The original cultural studies reader, this essay collection is widely used for its provocative readings and images on relevant cultural issues and for its outstanding pedagogy. Written by two respected composition theorists, Reading Culture truly makes use of cultural studies methods—from analyzing texts and historical documents to conducting fieldwork and mini-ethnographies. The first cultural studies reader to also address visual literacy, the text includes more than 100 images of posters, advertisements, photos, and art to accompany and illustrate the readings or as "Visual Essays" and "Visual Culture" segments that stand on their own. The fifth edition enhances that coverage with an appealing new four-color format and full-color art throughout the text. Helping students gain the necessary critical thinking skills to observe and analyze cultural phenomena, the opening chapter introduces reading and writing strategies and features a case study—new to this edition—that shows students how to "read" culture. Always up-to-date, this edition represents a significant revision with several new readings, themes, and visual images.

Features

  • Readings touch on timely, noteworthy cultural issues: teenage violence and youth culture; fashion, advertising, and body image issues; public space and the land of shopping malls; the overworked and underpaid American worker, and rethinking historical icons and heroes.
  • "Visual Culture" segments and "Visual Essays" present examples of commercial and public service ads, film stills, photos, public health messages, and signs in public places along with strategies for interpreting these images.

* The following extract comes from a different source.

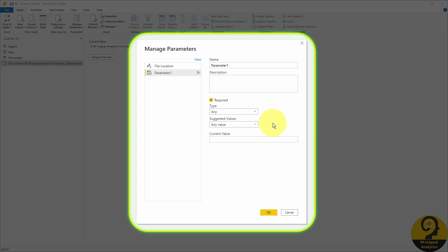most of the time I either use any value, or list of values in my reports where flexibility is needed. And lastly, you need to add a current value to this parameter. Instead of saving this new parameter, let's jump back to my file location parameter so I can show what does it look like.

  • Superior pedagogy includes contextual headnotes, suggestions for reading, writing and discussion—often in small groups—for each selection.
  • "Mining the Archives" activities send students to historical archives, museums, and special collections to examine old newspapers, comic strips, government documents, and textbooks.
  • "Fieldwork" sections ask students to do primary research via interviews, participant observation, questionnaires, and oral histories, and other forms of site-research.
  • "Checking Out the Web" assignments encourage students to use the Internet for further research.
New to This Edition
  • Now featuring a striking new four-color design, this edition adds "Visual Culture" and "Visual Essays" segments; numerous new assignments ask students to create their own visual compositions.
  • Fifty-five new pieces are featured in this revision, including Arlie Russell Hochschild, Barbara Kantrowitz, Keith Naughton, Richard Porch, Judith Williamson, Naomi Klein, Tibor Kalman, Murphy Davis, Patricia A. Turner, Michael Chabon, and Chinua Achebe.
  • An all new Chapter 1, "Reading the News," shows students how to "read" culture by presenting a short case study on the news media and its coverage of the September 11th attacks (formerly daytime talk shows).
  • Most chapters now feature a "Classic Reading" written by one of the enduring voices in the study of culture, such as James Agee, Roland Barthes, Margaret Mead, Jane Jacobs, Robert Warshow, W.E.B. DuBois, and Allen Ginsberg.
  • A new Chapter 10, "Living in a Postcolonial World," examines America from a global perspective and includes a new case study, "The Politics of World English," which considers the prevalence of English in the world community. (Formerly "Multicultural America.")
  • "Perspectives" paired readings in every chapter offer differing views on several new controversial topics, including school vouchers, sweatshop economies, designer brands, and "Ground Zero: Commerce and Commemoration."